Office of Research Computing

Backing Up to Box With Kopia

Kopia in combination with rclone is our recommended cloud backup solution. Once you have rclone set up, kopia backups are very simple. Note that kopia is versatile and can be used in other configurations as well--pulling data to your personal machine, for example, or pushing it to your department's servers. Keep in mind that home directories are backed up, so manual backups are only necessary for compute and private storage.

Prerequisites

Load the rclone and kopia modules:

module load rclone kopia

You'll need to load kopia each time you want to use it, and rclone if your repository is on Box.
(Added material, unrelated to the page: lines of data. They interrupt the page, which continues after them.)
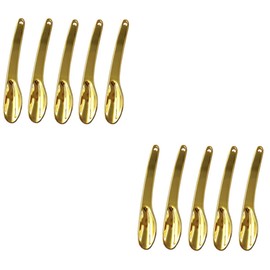 NOLITOY Sets Facial Cream Spoon Eye Cream Beauty Scoop Facial Mask Scoop Tool for Skincare Beauty Tool Pcs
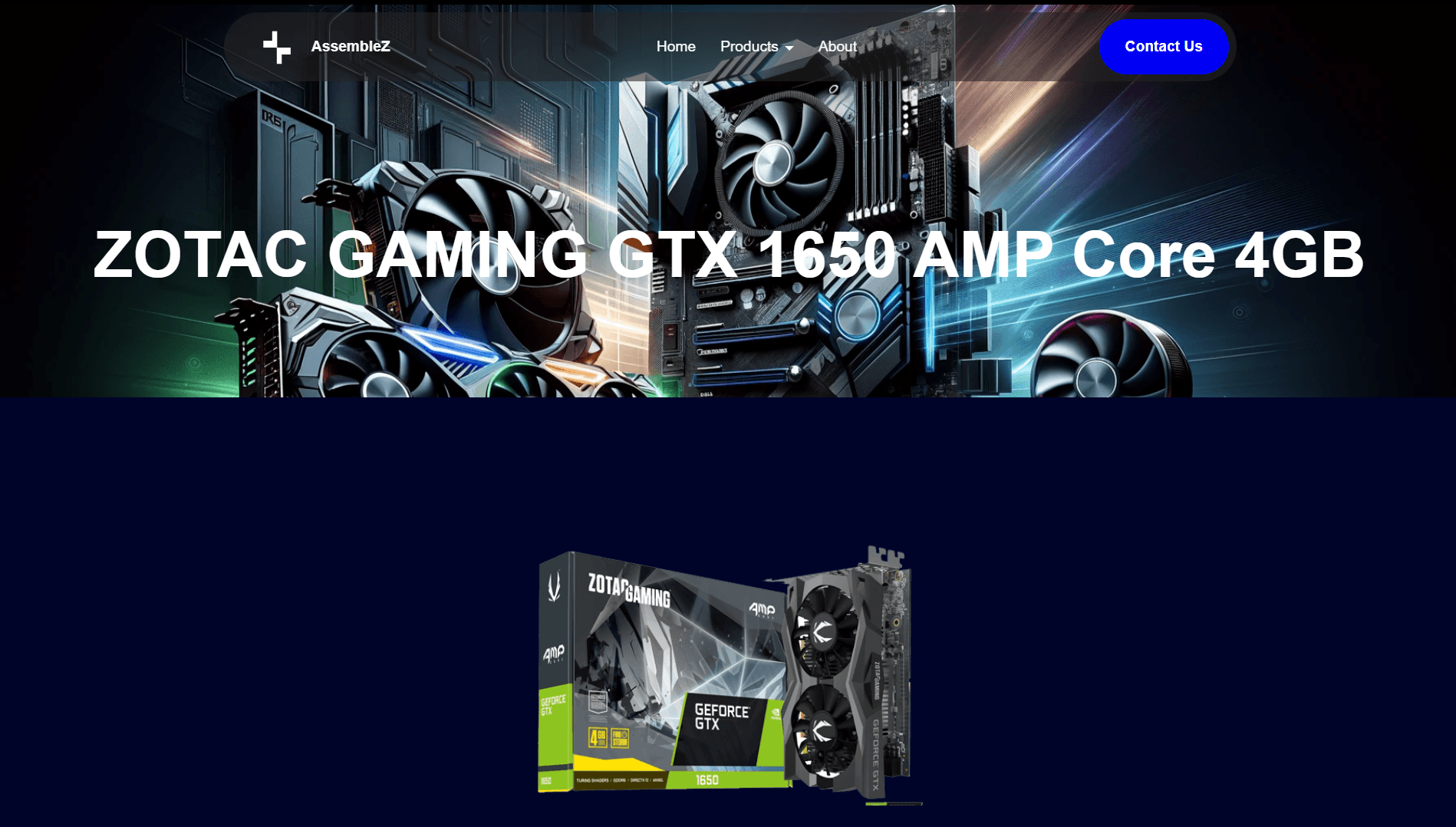 AssembleZ screenshot 5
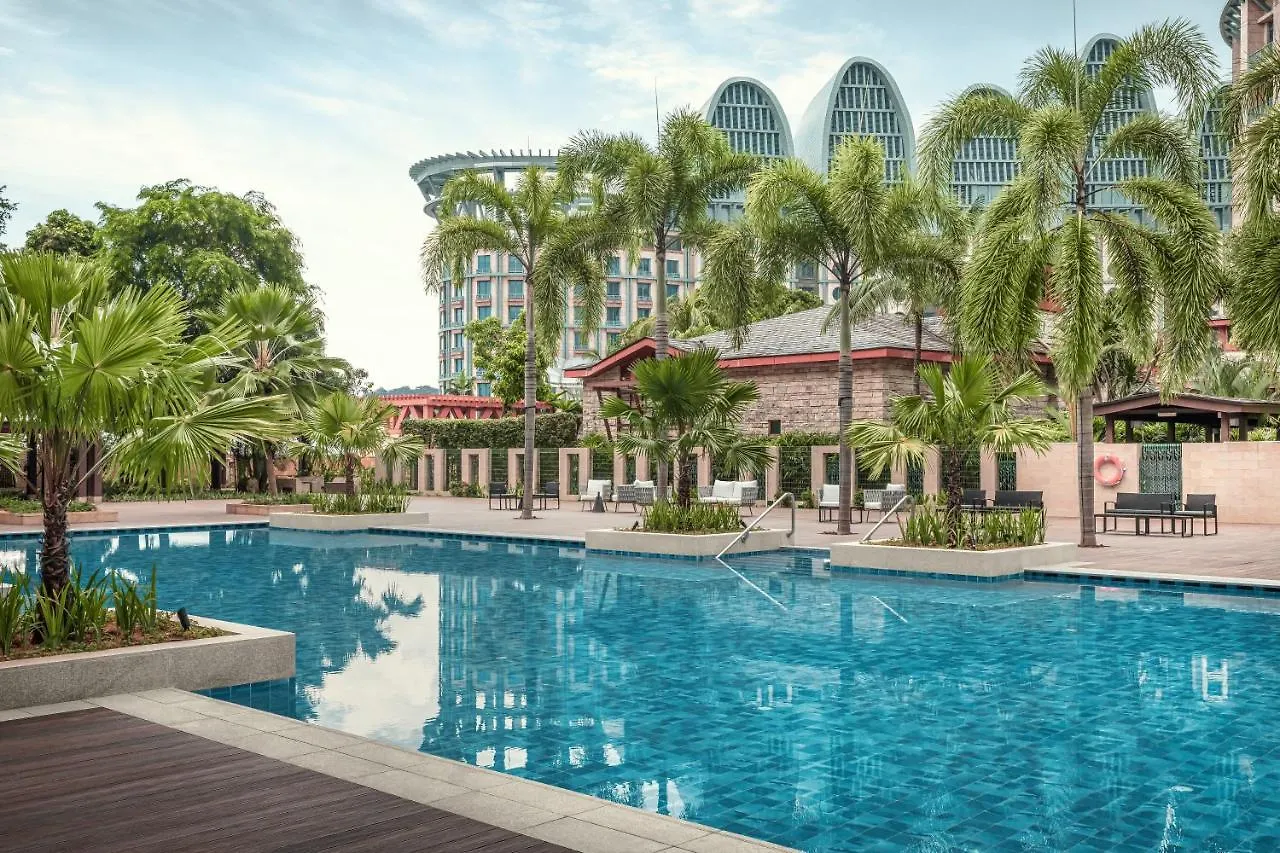 Resorts World Sentosa - Hotel Ora Singapur 5*,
Set up rclone to work with Box; kopia will use it as a communication layer. You only need to do this once, though you'll need to re-authenticate sometimes if you use Box seldom.

For security, choose a strong, unique password and store it elsewhere. For automation, you'll also need to store it on the supercomputer itself.

You will need a directory (e.g. kopiabackup) in which to store your kopia backups. If you are backing up to Box, use rclone to create it:

rclone mkdir box:kopiabackup

Creating a Repository

Before backing up, kopia needs to create the repository where it will store its data. When using rclone, this looks something like:

kopia repository create rclone --remote-path box:kopiabackup

You'll also want to configure kopia, for example excluding directories not requiring backup and setting retention policies:

kopia policy set --global --keep-annual=3 --keep-monthly=6 --keep-weekly=4 --keep-daily=7 --add-ignore '**/.cache'

Once a repository is initialized, you can back up anything to it. Since kopia deduplicates, it's advantageous to maintain only one repository, backing up all of your computers and projects to it.

Backing up

Once a repository is created, backing up is very simple. To back up /home/netid/compute/important:

kopia repository connect rclone --remote-path box:kopiabackup
kopia snapshot create /home/netid/compute/important

You only need to connect to the repository once per session.

Automating backups

For automation, you'll need to store your password on the supercomputer:

echo 'my 100% unique password' > ~/.kopia-password

This done, you can create a script that will automatically connect, backup /home/netid/compute/important and /home/netid/compute/cat-pictures, and prune:

#!/bin/bash --login
module load kopia
KOPIA_PASSWORD="$(cat ~/.kopia-password)" kopia repository connect rclone --remote-path box:kopiabackup
kopia snapshot create /home/netid/compute/important
kopia snapshot create /home/netid/compute/cat-pictures
kopia snapshot expire

To run this script every day at 3:14 AM, you could use cron. The relevant entry might look something like:

14 3 * * * bash /home/netid/kopia-backup.sh

Restoring backups

Make sure to check your backups often to ensure that you'll be able to restore in case of data loss. Store your password off of the supercomputer so that you can still restore if data there is lost.